Algunos trabajadores cobrarán indemnizaciones más bajas

El director general de Economía reflexiona además que algunos trabajadores saldrían beneficiados por el nuevo modelo y otros se verían perjudicados. En general, “aquellos que se movieran más de manera voluntaria les vendría mejor”, mientras que “a aquellos con menos predisposiciones les podría suponer una menor compensación”. “Pero el sistema sería menos dual y menos injusto”, cree Arce.

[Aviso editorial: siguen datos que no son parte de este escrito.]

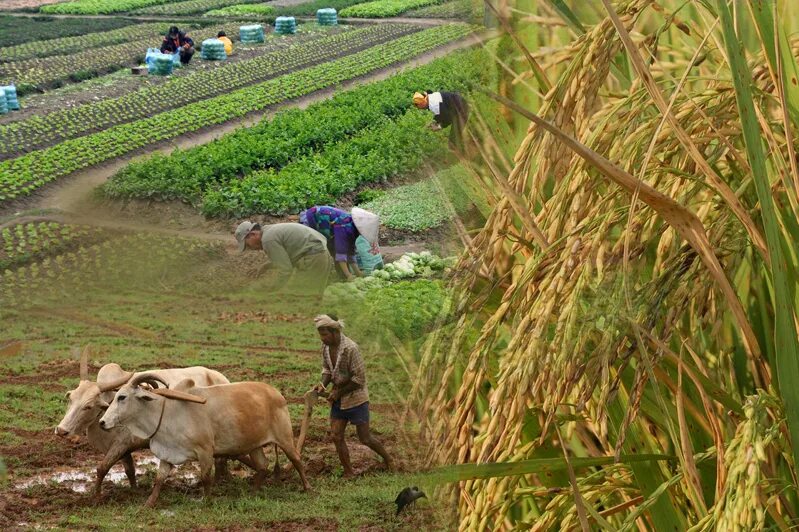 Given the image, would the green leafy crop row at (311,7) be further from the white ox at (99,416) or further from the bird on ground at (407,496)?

El propio ejemplo que pone el Banco de España en su informe, en el que hace una simulación entre 2013 y 2016, contempla una indemnización menor para un empelado con salario medio:

“A modo de ejemplo, un trabajador con un salario mensual de 1.500 euros al mes, con inicio de contrato el 1 de enero de 2011, que sufriese un despido objetivo por razones económicas el 31 de diciembre de 2014, percibiría 60 días de sueldo (20 por cada año anterior a la reforma y 10 por cada uno posterior), es decir, 3.000 euros de indemnización. Además, dispondría de otros 600 euros en su fondo individual (6 días por año después de la reforma) para un total de 3.600 euros. Ese mismo trabajador, en el esquema actual sin reforma, percibiría 80 días (20 por cada uno de los 4 años de antigüedad), es decir, 4.000 euros. Por el contrario, si el trabajador se moviese voluntariamente a otra empresa, en el esquema actual no percibiría nada, pero dispondría de un fondo de 600 euros bajo la reforma propuesta”.

En la misma línea, también para las empresas podrían variar los costes por la implantación del nuevo modelo. “Las empresas con más despidos podrían verse relativamente favorecidas en el nuevo sistema”, por lo que “podría ser adecuado complementarlo con algún esquema bonus‑malus que mitigara este sesgo”.